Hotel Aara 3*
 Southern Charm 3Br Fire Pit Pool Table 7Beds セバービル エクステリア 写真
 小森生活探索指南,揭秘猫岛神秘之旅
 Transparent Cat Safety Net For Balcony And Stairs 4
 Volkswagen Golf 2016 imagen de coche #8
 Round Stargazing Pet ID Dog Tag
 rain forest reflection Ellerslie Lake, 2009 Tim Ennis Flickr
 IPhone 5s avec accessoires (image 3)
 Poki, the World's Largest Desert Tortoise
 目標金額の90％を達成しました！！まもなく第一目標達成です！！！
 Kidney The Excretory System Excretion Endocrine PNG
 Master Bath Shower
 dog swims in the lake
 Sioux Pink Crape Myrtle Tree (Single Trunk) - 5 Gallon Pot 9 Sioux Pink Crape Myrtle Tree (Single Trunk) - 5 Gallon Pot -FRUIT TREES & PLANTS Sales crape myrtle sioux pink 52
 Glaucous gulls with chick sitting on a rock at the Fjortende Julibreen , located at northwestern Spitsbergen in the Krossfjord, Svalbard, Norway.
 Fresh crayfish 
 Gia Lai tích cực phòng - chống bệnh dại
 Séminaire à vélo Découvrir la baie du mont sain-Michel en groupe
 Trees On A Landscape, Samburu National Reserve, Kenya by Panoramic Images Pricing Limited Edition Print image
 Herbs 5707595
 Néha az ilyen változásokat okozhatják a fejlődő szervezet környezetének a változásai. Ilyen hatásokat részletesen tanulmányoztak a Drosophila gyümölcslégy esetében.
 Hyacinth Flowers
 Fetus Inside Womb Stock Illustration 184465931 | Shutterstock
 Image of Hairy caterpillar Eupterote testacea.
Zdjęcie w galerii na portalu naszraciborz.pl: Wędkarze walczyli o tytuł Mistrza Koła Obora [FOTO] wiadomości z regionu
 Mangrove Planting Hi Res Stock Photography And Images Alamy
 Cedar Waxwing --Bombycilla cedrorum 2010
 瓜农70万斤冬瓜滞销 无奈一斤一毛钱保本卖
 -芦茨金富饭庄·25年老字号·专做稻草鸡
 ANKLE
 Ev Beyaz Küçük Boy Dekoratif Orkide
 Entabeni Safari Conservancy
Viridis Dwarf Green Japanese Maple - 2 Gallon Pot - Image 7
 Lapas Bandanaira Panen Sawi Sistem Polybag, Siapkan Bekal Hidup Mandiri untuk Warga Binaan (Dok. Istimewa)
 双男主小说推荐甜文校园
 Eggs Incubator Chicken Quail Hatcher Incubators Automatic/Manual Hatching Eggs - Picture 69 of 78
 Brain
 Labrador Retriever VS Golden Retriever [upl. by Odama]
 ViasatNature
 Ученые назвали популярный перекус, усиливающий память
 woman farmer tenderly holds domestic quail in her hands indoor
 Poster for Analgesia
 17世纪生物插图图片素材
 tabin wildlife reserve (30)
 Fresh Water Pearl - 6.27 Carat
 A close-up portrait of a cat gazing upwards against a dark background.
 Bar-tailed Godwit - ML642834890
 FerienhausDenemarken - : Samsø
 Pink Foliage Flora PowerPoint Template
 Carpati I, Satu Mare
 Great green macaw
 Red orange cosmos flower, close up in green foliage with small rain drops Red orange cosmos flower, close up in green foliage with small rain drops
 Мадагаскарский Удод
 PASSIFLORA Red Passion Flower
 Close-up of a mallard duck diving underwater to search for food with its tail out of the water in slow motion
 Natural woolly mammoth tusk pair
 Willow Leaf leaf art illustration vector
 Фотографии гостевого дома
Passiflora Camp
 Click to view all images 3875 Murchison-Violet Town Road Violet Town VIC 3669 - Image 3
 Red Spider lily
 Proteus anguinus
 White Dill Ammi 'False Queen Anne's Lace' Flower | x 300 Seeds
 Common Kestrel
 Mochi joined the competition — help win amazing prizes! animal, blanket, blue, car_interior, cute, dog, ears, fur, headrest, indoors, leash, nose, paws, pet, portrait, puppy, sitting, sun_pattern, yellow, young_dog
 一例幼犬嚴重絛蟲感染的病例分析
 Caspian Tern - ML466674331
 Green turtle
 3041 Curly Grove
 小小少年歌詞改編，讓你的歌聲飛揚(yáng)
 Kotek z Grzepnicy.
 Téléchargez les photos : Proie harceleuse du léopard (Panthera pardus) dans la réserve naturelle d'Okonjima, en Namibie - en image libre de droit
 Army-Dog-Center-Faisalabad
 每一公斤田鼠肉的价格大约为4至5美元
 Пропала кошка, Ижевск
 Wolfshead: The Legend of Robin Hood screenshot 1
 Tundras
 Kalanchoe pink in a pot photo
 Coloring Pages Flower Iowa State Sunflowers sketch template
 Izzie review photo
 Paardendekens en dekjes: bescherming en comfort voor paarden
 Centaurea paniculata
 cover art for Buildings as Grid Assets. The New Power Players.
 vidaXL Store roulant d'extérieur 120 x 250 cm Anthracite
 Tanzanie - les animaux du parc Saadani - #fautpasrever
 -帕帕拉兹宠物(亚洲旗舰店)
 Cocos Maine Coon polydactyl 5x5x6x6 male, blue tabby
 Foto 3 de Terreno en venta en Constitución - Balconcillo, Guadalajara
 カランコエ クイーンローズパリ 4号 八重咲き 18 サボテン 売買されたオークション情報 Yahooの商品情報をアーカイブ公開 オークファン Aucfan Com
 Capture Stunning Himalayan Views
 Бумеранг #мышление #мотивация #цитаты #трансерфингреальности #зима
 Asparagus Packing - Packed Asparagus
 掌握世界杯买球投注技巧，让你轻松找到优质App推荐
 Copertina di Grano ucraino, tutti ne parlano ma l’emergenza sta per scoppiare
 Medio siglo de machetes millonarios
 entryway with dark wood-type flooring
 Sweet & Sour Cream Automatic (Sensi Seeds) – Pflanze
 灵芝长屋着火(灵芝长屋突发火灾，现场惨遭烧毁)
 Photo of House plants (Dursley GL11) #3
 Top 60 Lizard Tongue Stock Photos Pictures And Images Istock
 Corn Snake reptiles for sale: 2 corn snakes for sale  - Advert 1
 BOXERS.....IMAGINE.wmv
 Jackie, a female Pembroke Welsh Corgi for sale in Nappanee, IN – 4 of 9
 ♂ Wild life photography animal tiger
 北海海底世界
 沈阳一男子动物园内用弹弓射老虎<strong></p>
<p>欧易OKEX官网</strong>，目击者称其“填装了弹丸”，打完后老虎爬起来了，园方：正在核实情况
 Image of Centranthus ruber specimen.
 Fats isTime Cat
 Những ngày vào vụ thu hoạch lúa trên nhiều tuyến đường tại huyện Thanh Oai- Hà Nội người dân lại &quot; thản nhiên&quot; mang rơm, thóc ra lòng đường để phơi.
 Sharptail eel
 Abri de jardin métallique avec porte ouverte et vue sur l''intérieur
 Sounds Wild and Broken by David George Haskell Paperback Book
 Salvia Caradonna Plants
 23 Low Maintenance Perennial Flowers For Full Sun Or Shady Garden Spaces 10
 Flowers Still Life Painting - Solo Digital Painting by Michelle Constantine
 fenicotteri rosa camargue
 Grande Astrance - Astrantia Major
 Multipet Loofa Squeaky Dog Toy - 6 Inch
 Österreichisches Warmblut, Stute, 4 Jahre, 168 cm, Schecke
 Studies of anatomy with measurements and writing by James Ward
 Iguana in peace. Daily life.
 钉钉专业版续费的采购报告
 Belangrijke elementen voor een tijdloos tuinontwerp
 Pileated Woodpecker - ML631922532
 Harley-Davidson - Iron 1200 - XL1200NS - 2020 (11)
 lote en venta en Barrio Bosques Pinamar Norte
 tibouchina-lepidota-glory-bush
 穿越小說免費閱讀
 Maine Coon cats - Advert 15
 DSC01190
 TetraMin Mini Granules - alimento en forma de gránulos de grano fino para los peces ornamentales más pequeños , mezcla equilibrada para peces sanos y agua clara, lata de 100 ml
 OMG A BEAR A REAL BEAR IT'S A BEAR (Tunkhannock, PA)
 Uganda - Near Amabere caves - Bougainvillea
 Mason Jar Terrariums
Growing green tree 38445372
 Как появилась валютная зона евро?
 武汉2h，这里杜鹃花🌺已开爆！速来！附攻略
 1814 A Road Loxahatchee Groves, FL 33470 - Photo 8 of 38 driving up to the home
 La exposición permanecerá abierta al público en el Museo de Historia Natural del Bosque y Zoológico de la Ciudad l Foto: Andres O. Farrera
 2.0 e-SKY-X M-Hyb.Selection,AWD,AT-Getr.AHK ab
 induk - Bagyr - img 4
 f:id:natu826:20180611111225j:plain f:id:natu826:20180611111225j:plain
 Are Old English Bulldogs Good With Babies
■ ■ ■ ■ ■ ■ ■
| Your instructions |
Print only the lines that run from the start of the listing to the line bearing "dog swims in the lake"; please keep the first line and that last one, exactly as they appear.

| Written answer |
Hotel Aara 3*
 Southern Charm 3Br Fire Pit Pool Table 7Beds セバービル エクステリア 写真
 小森生活探索指南,揭秘猫岛神秘之旅
 Transparent Cat Safety Net For Balcony And Stairs 4
 Volkswagen Golf 2016 imagen de coche #8
 Round Stargazing Pet ID Dog Tag
 rain forest reflection Ellerslie Lake, 2009 Tim Ennis Flickr
 IPhone 5s avec accessoires (image 3)
 Poki, the World's Largest Desert Tortoise
 目標金額の90％を達成しました！！まもなく第一目標達成です！！！
 Kidney The Excretory System Excretion Endocrine PNG
 Master Bath Shower
 dog swims in the lake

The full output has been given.